◆ PROBLEM REQUIREMENTS
Keeping every word intact, reproduce all of the records.

(WORKING DATA Opens)

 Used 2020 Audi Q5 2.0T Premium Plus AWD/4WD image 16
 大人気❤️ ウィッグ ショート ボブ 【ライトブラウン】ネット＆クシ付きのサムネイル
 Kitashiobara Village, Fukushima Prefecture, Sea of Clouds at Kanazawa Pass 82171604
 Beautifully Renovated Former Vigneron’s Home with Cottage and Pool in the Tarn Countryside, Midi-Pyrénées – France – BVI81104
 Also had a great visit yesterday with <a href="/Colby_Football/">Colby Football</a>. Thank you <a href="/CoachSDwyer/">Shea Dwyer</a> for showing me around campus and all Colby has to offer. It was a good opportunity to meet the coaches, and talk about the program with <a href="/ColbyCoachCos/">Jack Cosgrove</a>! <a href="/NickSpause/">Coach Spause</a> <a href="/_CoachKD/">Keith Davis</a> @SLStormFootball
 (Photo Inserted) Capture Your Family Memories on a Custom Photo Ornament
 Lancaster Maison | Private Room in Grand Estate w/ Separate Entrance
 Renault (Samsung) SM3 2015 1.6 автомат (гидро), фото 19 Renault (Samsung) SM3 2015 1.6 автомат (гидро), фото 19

(WORKING DATA Closes)

◆ TASK RESPONSE
 Used 2020 Audi Q5 2.0T Premium Plus AWD/4WD image 16
 大人気❤️ ウィッグ ショート ボブ 【ライトブラウン】ネット＆クシ付きのサムネイル
 Kitashiobara Village, Fukushima Prefecture, Sea of Clouds at Kanazawa Pass 82171604
 Beautifully Renovated Former Vigneron’s Home with Cottage and Pool in the Tarn Countryside, Midi-Pyrénées – France – BVI81104
 Also had a great visit yesterday with <a href="/Colby_Football/">Colby Football</a>. Thank you <a href="/CoachSDwyer/">Shea Dwyer</a> for showing me around campus and all Colby has to offer. It was a good opportunity to meet the coaches, and talk about the program with <a href="/ColbyCoachCos/">Jack Cosgrove</a>! <a href="/NickSpause/">Coach Spause</a> <a href="/_CoachKD/">Keith Davis</a> @SLStormFootball
 (Photo Inserted) Capture Your Family Memories on a Custom Photo Ornament
 Lancaster Maison | Private Room in Grand Estate w/ Separate Entrance
 Renault (Samsung) SM3 2015 1.6 автомат (гидро), фото 19 Renault (Samsung) SM3 2015 1.6 автомат (гидро), фото 19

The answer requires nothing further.